Let's look at multi-document transactions on MongoDB 4.0 and see ACID and Transaction Replica.

Leona Zhang

Aug. 14, 18 · Tutorial

Likes (3)

Comment

Save

18.2K Views

At the end of last month, MongoDB World announced the release of MongoDB 4.0, which supports multi-document transactions against replica sets. Alibaba Cloud ApsaraDB Database R&D engineers first analyzed the source code of transaction functions and parsed the transaction implementation mechanism. In this article, we will discuss the implementation of multi-document transactions on MongoDB 4.0.

What's New on MongoDB 4.0

The transaction functionality introduced by MongoDB 4.0 supports multi-document ACID features such as transaction operations using the mongo shell.

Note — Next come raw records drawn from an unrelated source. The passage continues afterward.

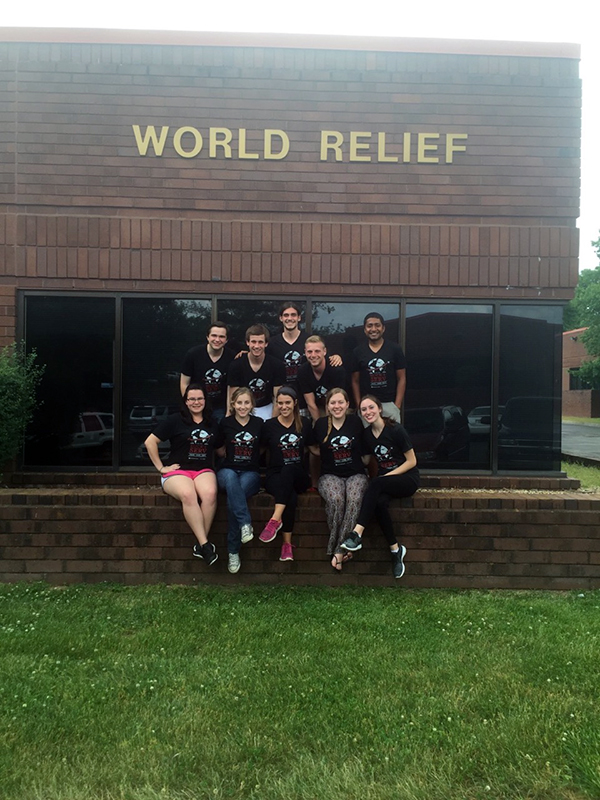 Members from the student organization Students for Refugees pose in front of the World Relief building, who they partner with to provide tutoring services to local refugees. Courtesy of Chelsea Bray
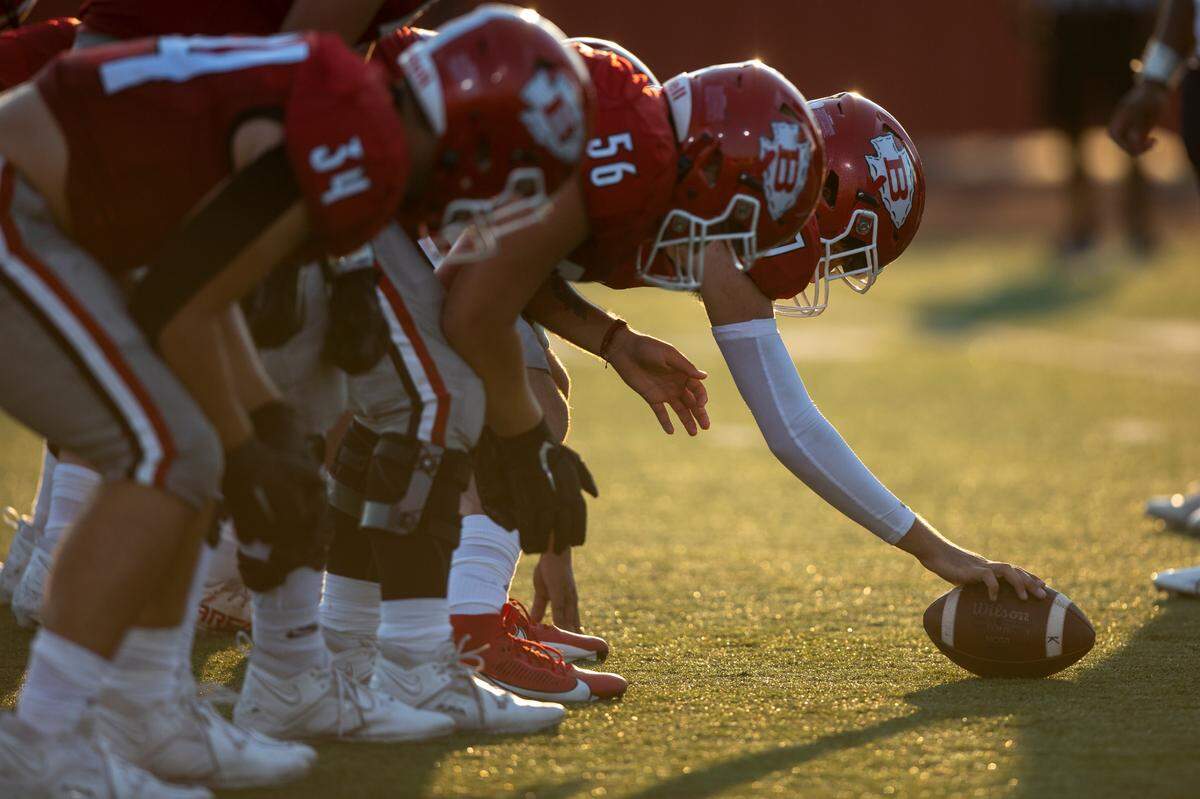 Biloxi prepares for the snap during a Jamboree game at Biloxi High School on Friday, Aug. 18, 2023.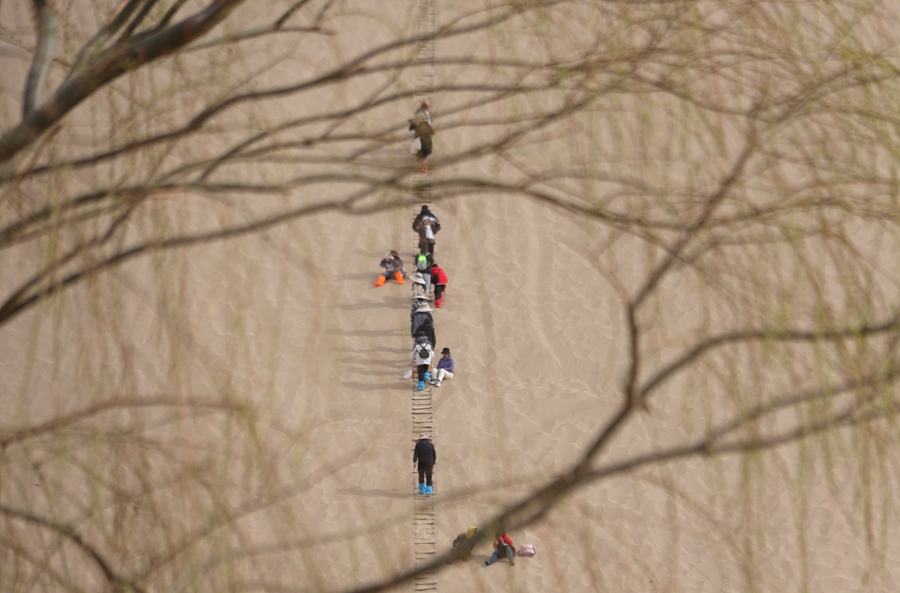 3月24日，游客在甘肅省敦煌市鳴沙山月牙泉景區游覽。張曉亮攝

> s = db.getMongo().startSession()
session { "id" : UUID("3bf55e90-5e88-44aa-a59e-a30f777f1d89") }
> s.startTransaction()
> db.coll01.insert({x: 1, y: 1})
WriteResult({ "nInserted" : 1 })
> db.coll02.insert({x: 1, y: 1})
WriteResult({ "nInserted" : 1 })
> s.commitTransaction()  (or s.abortTransaction() rollback transaction)

Other language drivers that support MongoDB 4.0 also encapsulate transaction-related APIs. To do this, users need to create a Session, then open and commit the transaction on the Session. For example:

Python Version

with client.start_session() as s:
    s.start_transaction()
    collection_one.insert_one(doc_one, session=s)
    collection_two.insert_one(doc_two, session=s)
    s.commit_transaction()

Java Version

try (ClientSession clientSession = client.startSession()) {
   clientSession.startTransaction();
   collection.insertOne(clientSession, docOne);
   collection.insertOne(clientSession, docTwo);
   clientSession.commitTransaction();
}

Session

Session is a concept introduced in MongoDB 3.6. This feature is mainly used to achieve multi-document transactions. Session is essentially a "context."

In previous versions, MongoDB only managed the context of a single operation. The mongod service process received a request, created a context for the request (corresponding to OperationContext in the source), and then used the context throughout the request. The content of the context includes request time consumption statistics, lock resources occupied by the request, storage snapshots used by the request, etc.

With Session, you can have multiple requests share a single context, and multiple requests can be correlated to support multi-document transactions.

Each Session contains a unique identifier lsid. In version 4.0, each request of the user can specify additional extension fields, including:

lsid: The ID of the session where the request is located, also known as the logic session id.
txnNmuber: The transaction number corresponding to the request, which must be monotonically incremented within a Session.
stmtIds: It corresponds the ID to each operation in the request (in the case of insert, an insert command can insert multiple documents).

In fact, when users use transactions, they do not need to understand these details because they will be automatically handled by MongoDB Driver. The Driver will allocate the lsid when creating Session. Then the Driver will automatically add lsids to all subsequent operations in this Session. For a transaction operation, the txnNumber will automatically added.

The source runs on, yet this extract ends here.